Jews for Judaism: Back atcha, J4Js
Jews for Judaism has managed to get all of the bickering Jewish factions in the NY-Metro area to come together for a common cause: To tell the Jews For Jesus to go to hell. In a manner of speaking.
NEW YORK, July 9 (JTA) — There’s a holy war of sorts going on in New York City.
Jews for Jesus has been running campaigns here for 33 years, but the messianic group’s proselyting effort has never been as large as this summer — nor has it elicited such a united Jewish response.
[...] In a rare show of unity, all four major Jewish streams have banded together to launch a counter-campaign. The New York Board of Rabbis also has signed on, with the Jewish Community Relations Council of New York’s anti-missionary task force doing much of the heavy lifting.
Jews for Judaism, a Baltimore-based anti-missionary group, is serving as a consultant. The groups’ message is one of unity and community building: “Say ‘Yes’ to Judaism.”
In roughly 60 newspaper ads, the coalition is asking Jews to affirm their commitment to Judaism by learning Torah, having Shabbat dinner or by giving tzedaka, among other things.

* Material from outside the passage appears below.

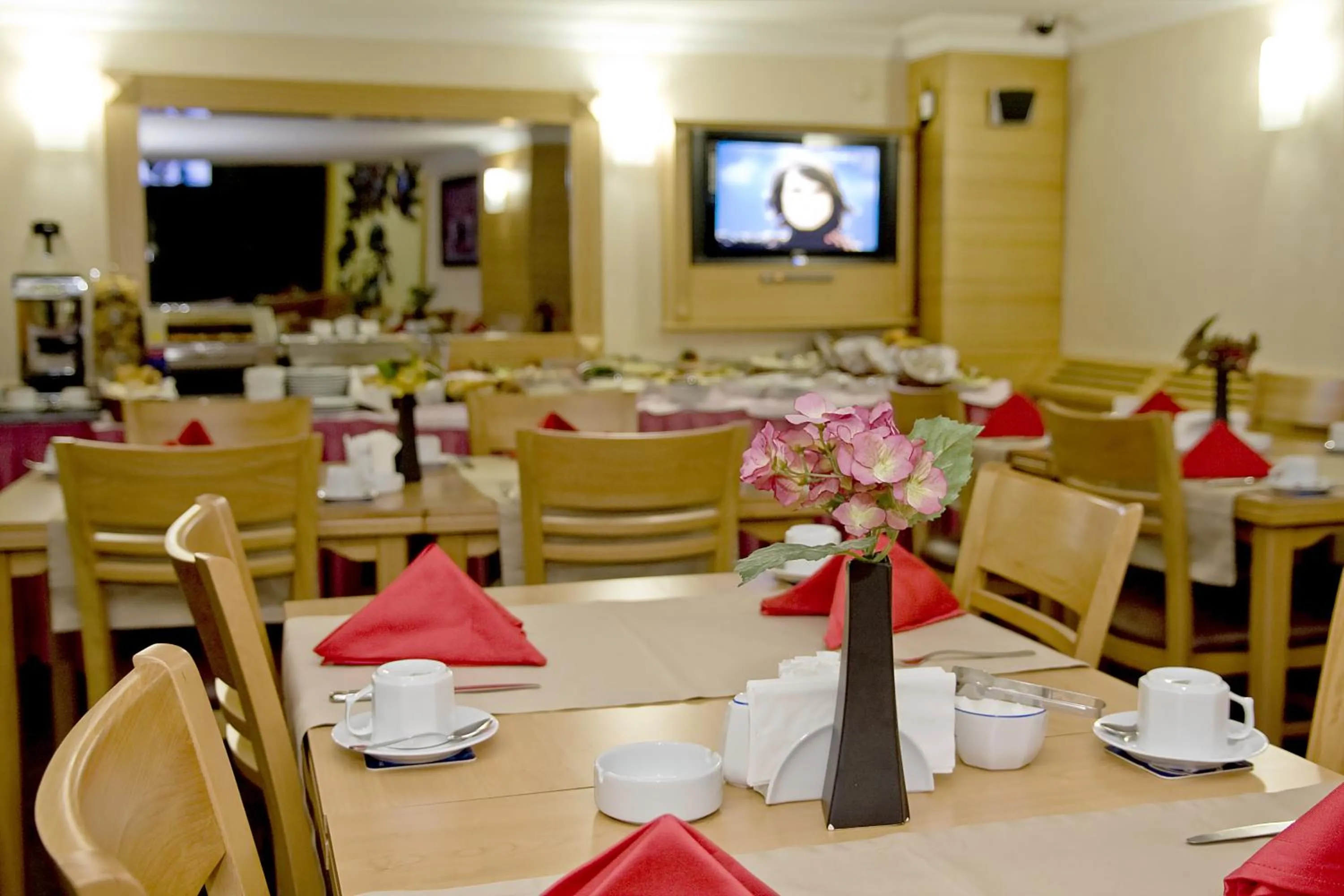 Restaurant/places to eat in Park Star Hotel Taksim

Information on Judaism is being distributed to local camps, schools and synagogues, and is available online.
This is great. Those of you outside the Jewish community have no idea how incredible it is to get all the major Jewish organizations together on one issue. Congratulations, J4J, you have managed to get the Jews of New York to put aside their differences for the month of July in order to concentrate their forces on battling the idiots who would convert them.
Rabbi Michael Miller, executive vice president and CEO of the JCRC of New York, said the Jews for Jesus message doesn’t require a direct response, since “the vast majority of Jews have no interest whatsoever in the message the Hebrew Christians are promoting.”
But, he said, “it provided us with an opportunity to reinvigorate Jewish practice. We are approaching this as a positive, educational learning experience for the Jewish community.
And apparently, the J4J campaign has given Jewish organizations the impetus to bring more little lost lambs back into the fold. Whoops, did I just borrow a Christian phrase there? No, wait, let me ask a J4J, who will assure me that it’s really a Jewish phrase.
And I just love how the J4Js play the victim card.
“I’m just mystified as to how we could be perceived as deceptive,” said Susan Perlman, Jews for Jesus’ director of communications, pointing out that all missionaries wear T-shirts with “Jews for Jesus” emblazoned across the front. “We tell people straight up front what we believe about Jesus.”
Once again proving that deception is at the heart of the J4Js message:
Regardless of what anyone says, we are Jews in that we are physically descended from Abraham, Isaac and Jacob. At the same time we are also Christians—those who believe in and follow Jesus, the Jewish Messiah. One classification does not cancel out the other, even though rabbis like to teach that Judaism and Christianity are mutually exclusive categories and hence are antithetical to one another.
Say, that sounds an awful lot like deception to me. Because why on earth would a rabbi know more about Judaism than an organization founded by Christian evangelicals with the sole purpose of converting Jews to Christianity? An organization whose funding comes from Christian evangelicals whose purpose is to convert Jews to Christianity?
David Brickner, the missionary group’s executive director, said Jewish leaders had a “kind of protective attitude, like this community is somehow not able to think for itself on these issues,” he said, “that somehow we’re Svengalis that can come in and mind-control.”
Translation: We’re allowed to proselytize, but no fair you calling out the facts while we’re in the middle of lying to your people for converts!
“Look, we didn’t come to believe this in order to win a popularity contest,” he continued. “We understand that Jesus has been a controversial issue for the Jewish community for 2,000 years. But we sure would like to have a voice on this.”
A voice in what? To be recognized as Jewish? I don’t think so, bub.
Marcia Eisenberg, the JCRC’s general counsel and director of its Jewish communal affairs and legal assistance program, said Jews for Jesus should not be afforded the luxury.
“They’re trying to define themselves into our community,” she said. “But we get to define our community, not you guys.”
Yes, but wait for the howls of the evangelicals, sorry, I mean J4Js, now that the Jews have launched a counter-offensive.
There’s also a New York Times article (and video) on this, both worth the look.
Oh, and there’s been an influx of J4Js here. They have a news aggregator that grabs stories about them off the net, and it’s found me. Of course, they lie and say they’re not from J4J. But the truth will out.
Perhaps it’s time I started an idea I’ve been toying with: Launching an evangelical Jewish outreach, to find people who want to convert to Judaism. It’ll be just like their outreach, well, except that I intend to tell the truth.